» EXERCISE OBJECTIVE
Starting at the line that holds "Las imágenes de", reproduce each line exactly up to and including the last line of the records below. Pictures stay out.

» EXERCISE MATERIAL
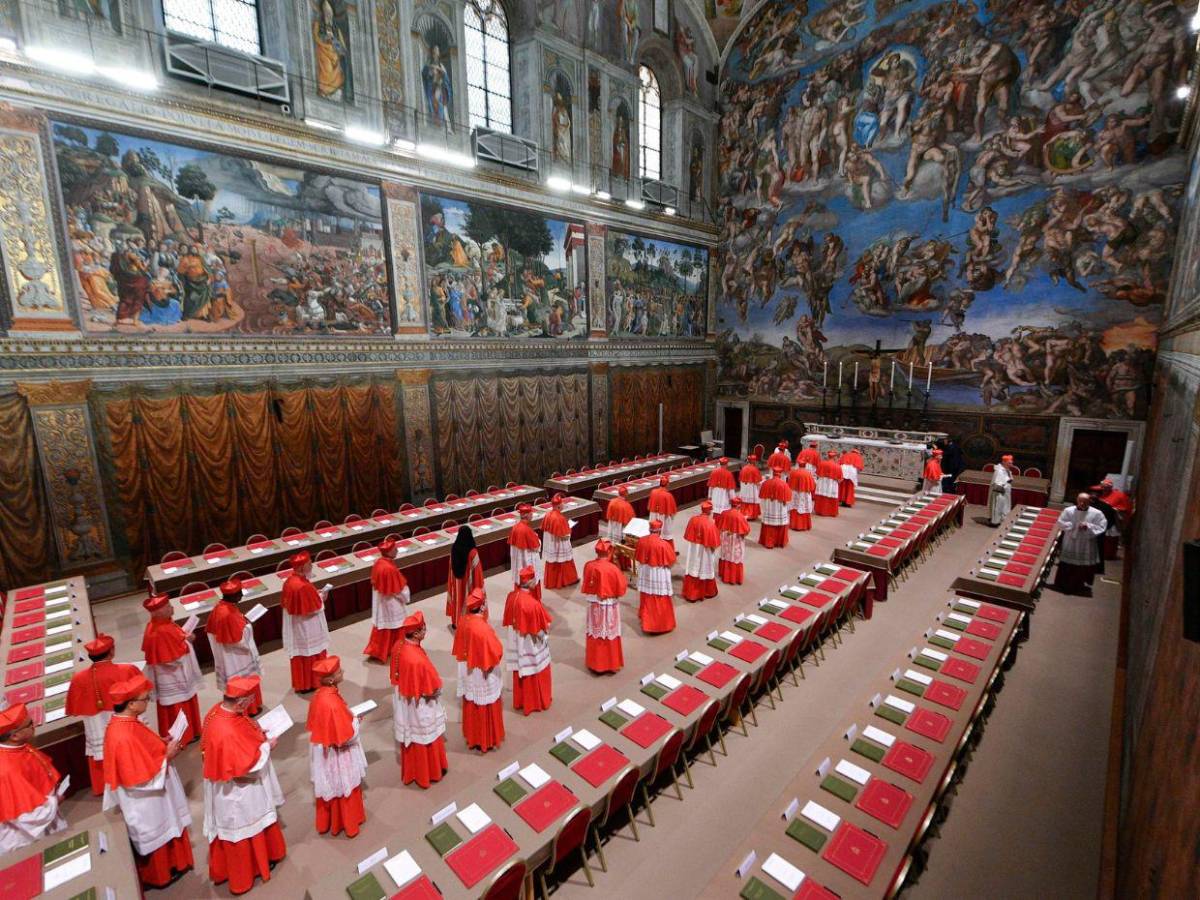 Imágenes impactantes del primer día del cónclave: cansancio, expectativa y fumata negra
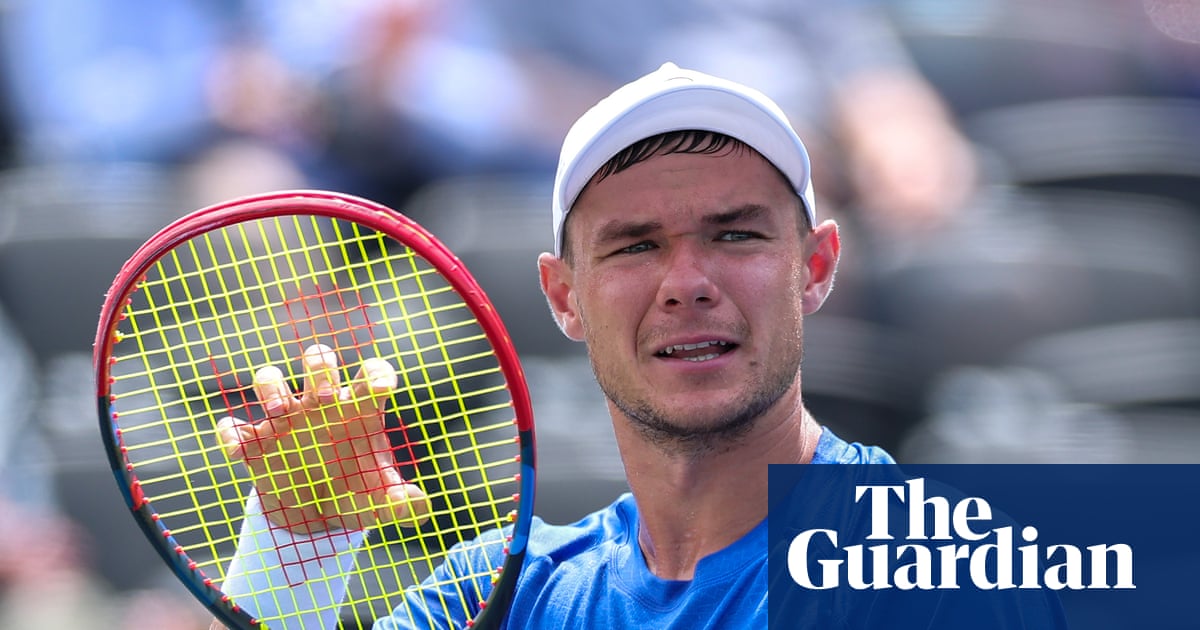 Tennis star gives boy his cap after snatching video at US Open goes viral | US Open Tennis 2025 Tennis star gives boy his cap after snatching video at US Open goes viral | US Open Tennis 2025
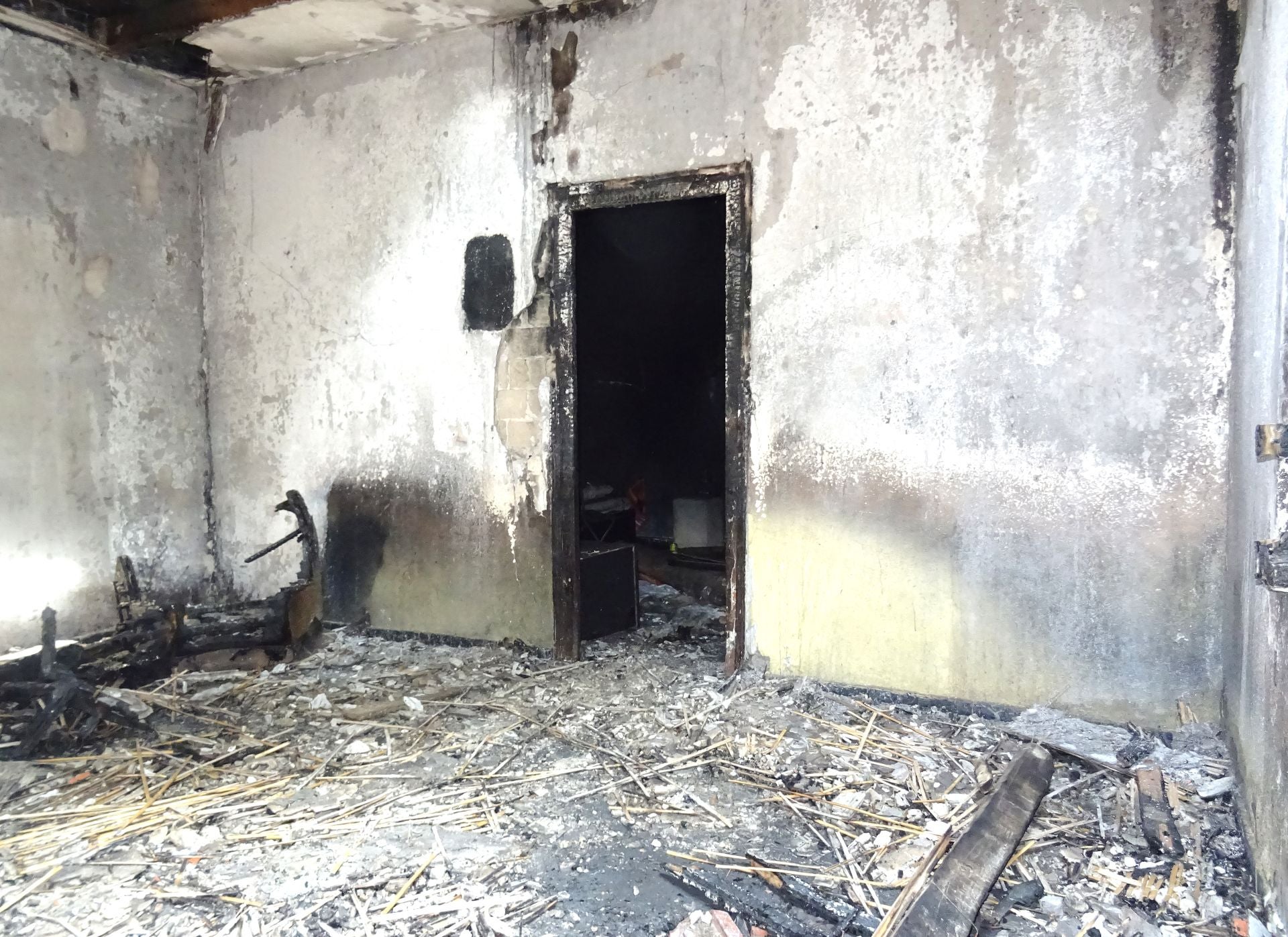 Las imágenes de la casa devorada por las llamas en San Cristóbal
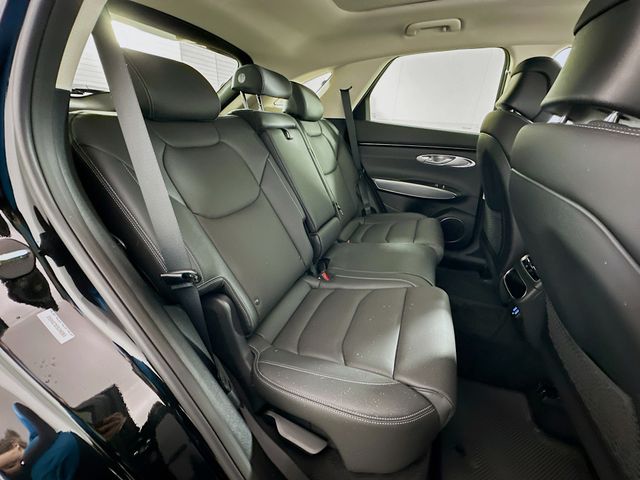 2025 Genesis GV70 Select 28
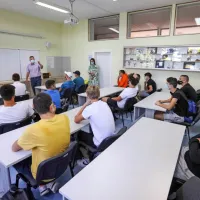 Prvi dan v &scaron;oli tudi pogovor o virusu in testiranju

» OUTPUT OF THE TASK
 Las imágenes de la casa devorada por las llamas en San Cristóbal
 2025 Genesis GV70 Select 28
 Prvi dan v &scaron;oli tudi pogovor o virusu in testiranju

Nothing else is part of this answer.